10-03-2010, 06:46 PM
http://img5.glowfoto.com/images/2010/10/03-2112214704T.jpg (http://www.glowfoto.com/viewimage.php?img=03-211221L&y=2010&m=10&t=jpg&rand=4704&srv=img5)
by Hubcapserf

When I was in the Phillipines I went to the Alegre guitar shop on Mactan Island in Lapu Lapu. There was a very nice selection of instruments there ranging from inexpensive to high end professional grade instruments. They have everything from banduria's, which is like a twelve string mandolin, a lot of guitar's, and several different ukulele models. After talking with the local musicians in the shop, and playing a lot of different instruments, I ended up negotiating a deal on a soprano “Oviation” model ukulele with hard case.

Just like the “Oviation” (SP) name suggests, it is a modified Ovation, or Applause body style instrument.

My first impression of the Oviation was that the abalone binding and rosette are really nice, something usually found on high end ukuleles. I attribute this to the abundance and availability of abalone on the islands. It has a solid spruce top with an “o” hole (unlike the Applause decorative hole pattern,) and a hand carved solid Philippine mahogany back that is rounded like the plastic back on the Applause ukuleles. The headstock is also shaped like Applause. It has peg tuners. The neck is mahogany with ebony fingerboard and a plastic nut. The bridge is also mahogany with a bone saddle.

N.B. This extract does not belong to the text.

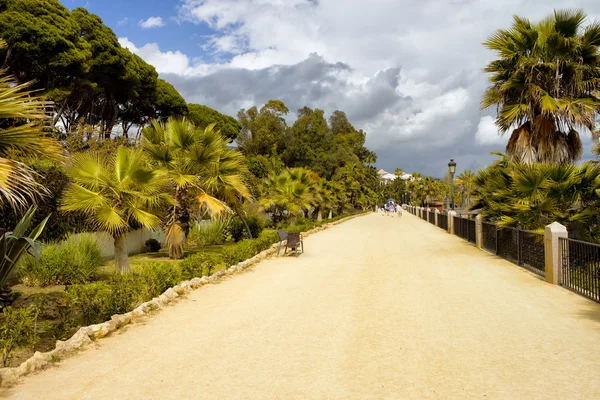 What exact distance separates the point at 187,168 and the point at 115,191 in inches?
173

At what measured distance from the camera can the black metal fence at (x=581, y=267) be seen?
8.20 metres

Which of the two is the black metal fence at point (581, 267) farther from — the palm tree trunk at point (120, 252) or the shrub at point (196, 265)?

It has a gloss urethane finish that does not seem to have a negative effect on sound. The binding and rosette are nicely done; however, the headstock logo is a decal, and not inlaid. It does not have any issues with the fit on the body; however, with this particular ukulele there are issues with the neck. The fret wires hang over on the bottom and need to be filed and dressed. The peg tuners are low end with plastic knobs, and the nut and saddle are set up for thin strings.

I played the Alegre the entire Philippines trip and I found the action to be acceptable. The spruce top gave this uke a loud sound and brighter tone than a mahogany or koa top. The Alegre stays in tune well after tightening the gears a little.
The thin string set up enhances the soprano “feel”. The round back makes the uke a little hard to hold up against the body and it takes some getting used to.

I think this ukulele could use some upgrades. A set of Gotoh peg tuners would be nice, and a thicker bone nut and saddle too. It could be set up for thicker strings, but, that is a matter of preference. The frets need to be filed and dressed, badly. Altogether, the Alegre soprano is a cool ukulele, and after fretwork is done- fine for a student uke, or a beater.